* **RECORDS TO USE**
━━━
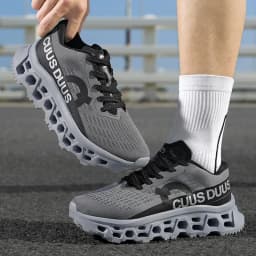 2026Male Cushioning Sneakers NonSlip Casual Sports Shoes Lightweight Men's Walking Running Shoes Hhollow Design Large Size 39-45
━━━
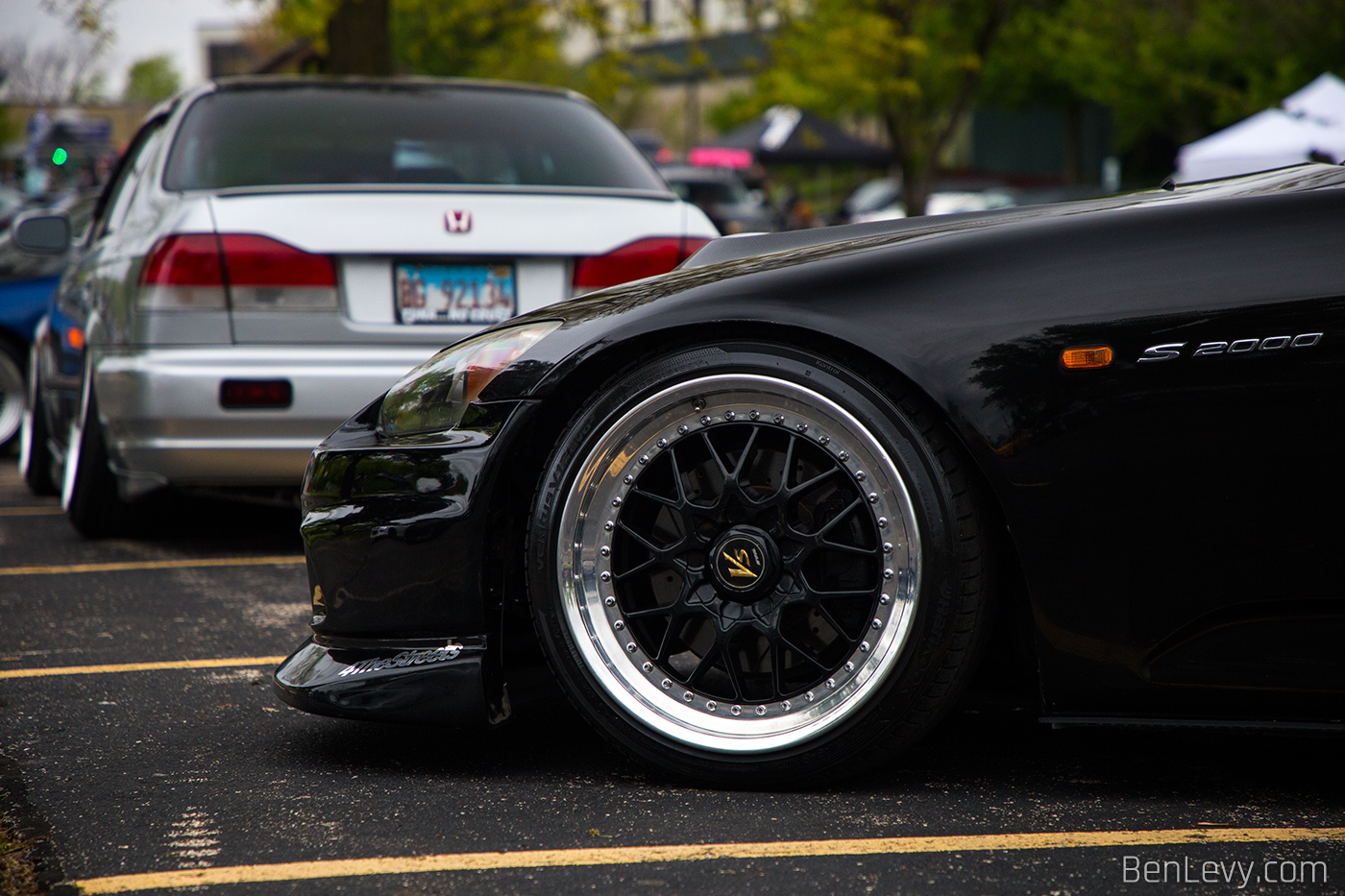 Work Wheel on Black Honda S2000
━━━
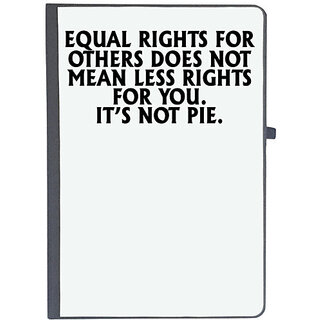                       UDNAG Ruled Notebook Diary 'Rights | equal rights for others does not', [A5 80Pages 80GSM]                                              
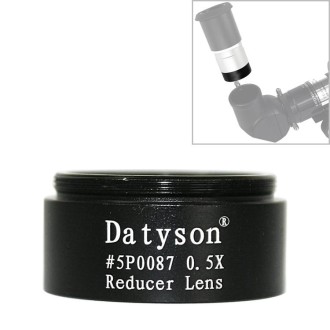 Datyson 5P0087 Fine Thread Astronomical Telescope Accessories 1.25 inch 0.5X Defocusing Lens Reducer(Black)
━━━
Only one stretch of the material above is wanted: the line containing "UDNAG Ruled Notebook" through the line containing "Datyson 5P0087 Fine". Restate it word for word, minus the pictures.

                       UDNAG Ruled Notebook Diary 'Rights | equal rights for others does not', [A5 80Pages 80GSM]                                              
 Datyson 5P0087 Fine Thread Astronomical Telescope Accessories 1.25 inch 0.5X Defocusing Lens Reducer(Black)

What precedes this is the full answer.